Using the Snowflake Connector for Python

This topic provides a series of examples that illustrate how to use the Snowflake Connector to perform standard Snowflake operations such as user login, database and table creation, warehouse creation, data insertion/loading, and querying.

The sample code at the end of this topic combines the examples into a single, working Python program.

In this Topic:

Connecting to Snowflake

First, import the snowflake.connector module:

import snowflake.connector

Then set the user information in variables that will be used in the next example to log into Snowflake:

# Setting your account information
ACCOUNT = '<your_account_name>'
USER = '<your_login_name>'
PASSWORD = '<your_password>'

import os

# only required if you copy data from your own S3 bucket
AWS_ACCESS_KEY_ID = os.getenv('AWS_ACCESS_KEY_ID')
AWS_SECRET_ACCESS_KEY = os.getenv('AWS_SECRET_ACCESS_KEY')

Note

In the above example, replace the variables to match your Snowflake login information (name, password, etc.) as needed.

After setting the variables, connect using either the default authenticator or federated authentication (if enabled).

Connecting Using the Default Authenticator

Connect to Snowflake using the required login parameters:

# Connecting to Snowflake using the default authenticator
cnx = snowflake.connector.connect(
  user=USER,
  password=PASSWORD,
  account=ACCOUNT,
)

Connecting Using Federated Authentication

Alternatively, if you use a SAML 2.0-compliant identity provider (IdP) for federated authentication, you can specify the Snowflake connector to use browser-based SSO:

# Connecting to Snowflake using SAML 2.0-compliant IdP federated authentication
cnx = snowflake.connector.connect(
  user=USER,
  account=ACCOUNT,
  authenticator='externalbrowser',
)

Browser-based SSO uses the following workflow:

  1. The Python application calls the snowflake.connector.connect method with the appropriate parameters.
  2. The default web browser set for the user’s operating system launches or opens a new tab or window, displaying the IdP authentication page.
  3. The user enters their IdP username and password.
  4. If the user is enrolled in MFA (multi-factor authentication) in Snowflake, they are prompted to type the MFA passcode (sent from another device) or confirm the authentication (on the other device).
  5. When the IdP has authenticated the user’s credentials, the browser displays a success message. Then can then return to the terminal window and use the Snowflake session that has been initiated.

Note

This feature is only supported in terminal windows with web browser access. For example, a terminal window on a remote machine with a SSH (Secure Shell) session may require additional setup to open a web browser.

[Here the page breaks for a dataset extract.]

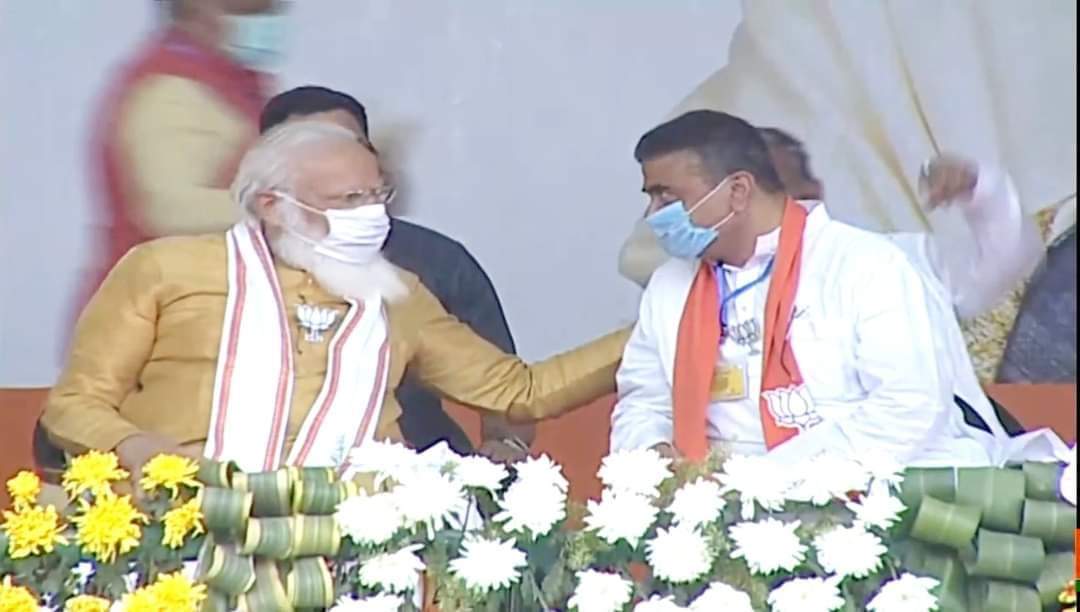 কাঁথিতে প্রচারে যাওয়া মোদীকে পায়ে হাত দিয়ে প্রণাম বিজেপি নেতা শুভেন্দু অধিকারীর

If your IdP is Okta, you can also choose to use native Okta SSO, instead of browser-based SSO, for federated authentication. For example:

# Connecting to Snowflake using native SSO authentication
OKTA_USER = '<okta_login_name>'
OKTA_PASSWORD = '<okta_password>'
cnx = snowflake.connector.connect(
  user=OKTA_USER,
  password=OKTA_PASSWORD,
  account=SNOWFLAKE_ACCOUNT,
  authenticator='https://<okta_accout_name>.okta.com/',
)

For more information about federated authentication and SSO, see Managing/Using Federated Authentication.

Caching OCSP Responses in Memory and File

To ensure all communications are secure, the Snowflake Connector for Python uses the HTTPS protocol to connect to Snowflake, as well as to connect to all other services (e.g. AWS S3 for staging data files and Okta for federated authentication). In addition to the regular HTTPS protocol, the connector also checks the TLS/SSL certificate revocation status on each connection via OCSP (Online Certificate Status Protocol) and aborts the connection if it finds the certificate is revoked or the OCSP status is not reliable.

Because each Snowflake connection triggers up to three round trips with the OCSP server, a memory and file cache for OCSP responses has been introduced to reduce the network overhead added to the connection. The cache also addresses availability issues for OCSP servers, i.e. in the event the actual OCSP server is down, as long as the cache is valid, the connector can still validate the certificate revocation status.

By default, the cache is enabled in the following locations, so no additional configuration tasks are required:

Linux:~/.cache/snowflake/ocsp_response_cache
Mac OS:~/Library/Caches/Snowflake/ocsp_response_cache
Windows:%USERPROFILE%\AppData\Local\Snowflake\Caches\ocsp_response_cache

However, if you want to specify a different location and/or file name for the OCSP response cache file, the connect method accepts the ocsp_response_cache_filename parameter, which specifies the path and name for the OCSP cache file in the form of a URI.

Creating a Database, Schema, and Warehouse

After login, create a database, schema, and warehouse, if they don’t yet exist, using the CREATE DATABASE, CREATE SCHEMA, and CREATE WAREHOUSE commands.

For example, create a warehouse named tiny_warehouse, database named testdb, and a schema named testschema.

# Creating database, schema and warehouse if not exists
cnx.cursor().execute("CREATE WAREHOUSE IF NOT EXISTS tiny_warehouse")
cnx.cursor().execute("CREATE DATABASE IF NOT EXISTS testdb")
cnx.cursor().execute("USE DATABASE testdb")
cnx.cursor().execute("CREATE SCHEMA IF NOT EXISTS testschema")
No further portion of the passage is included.